The reply should consist solely of the lines from the one with "1982 Atari 2600" through the final line of the listing, copied exactly, with no pictures.

• EXERCISE DATA:
┄┄┄┄┄┄┄┄┄┄

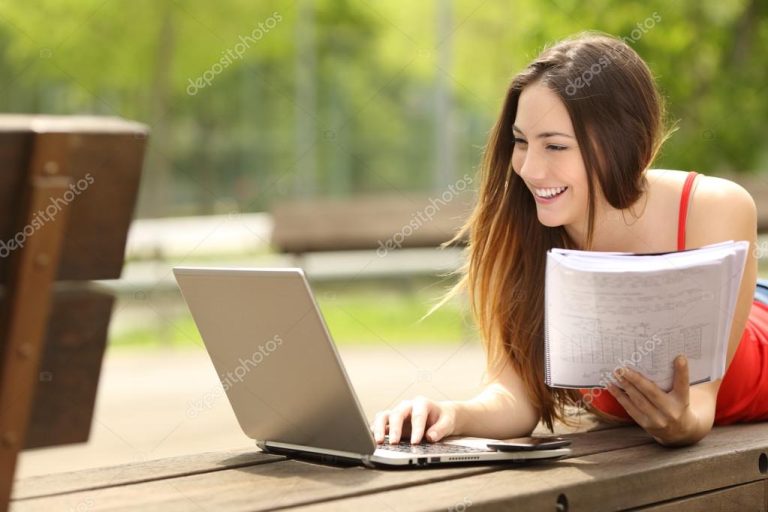 Cómo puedo solicitar una beca Telmex y cuáles son los requisitos 33 estudiante con laptop en un campus universitario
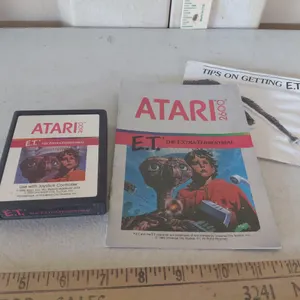 1982 Atari 2600 E.T. The Extra-Terrestrial Game W/2 Booklets
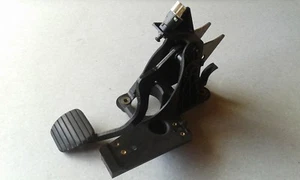 PEDALE DE FREINS RENAULT LAGUNA II PHASE 2 1.9 DCI 8200420699 - Picture 1 of 1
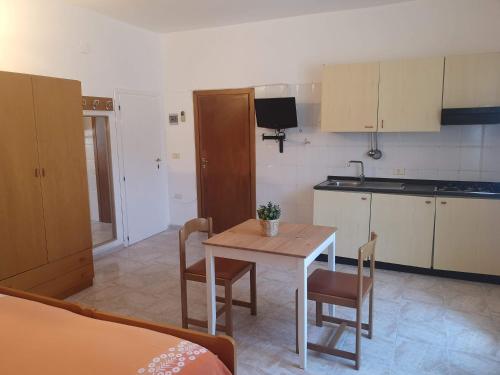 a kitchen with a table and chairs in a room at Torre d'Oriente in Rodi Garganico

┄┄┄┄┄┄┄┄┄┄

• RESULT BELOW:
 1982 Atari 2600 E.T. The Extra-Terrestrial Game W/2 Booklets
 PEDALE DE FREINS RENAULT LAGUNA II PHASE 2 1.9 DCI 8200420699 - Picture 1 of 1
 a kitchen with a table and chairs in a room at Torre d'Oriente in Rodi Garganico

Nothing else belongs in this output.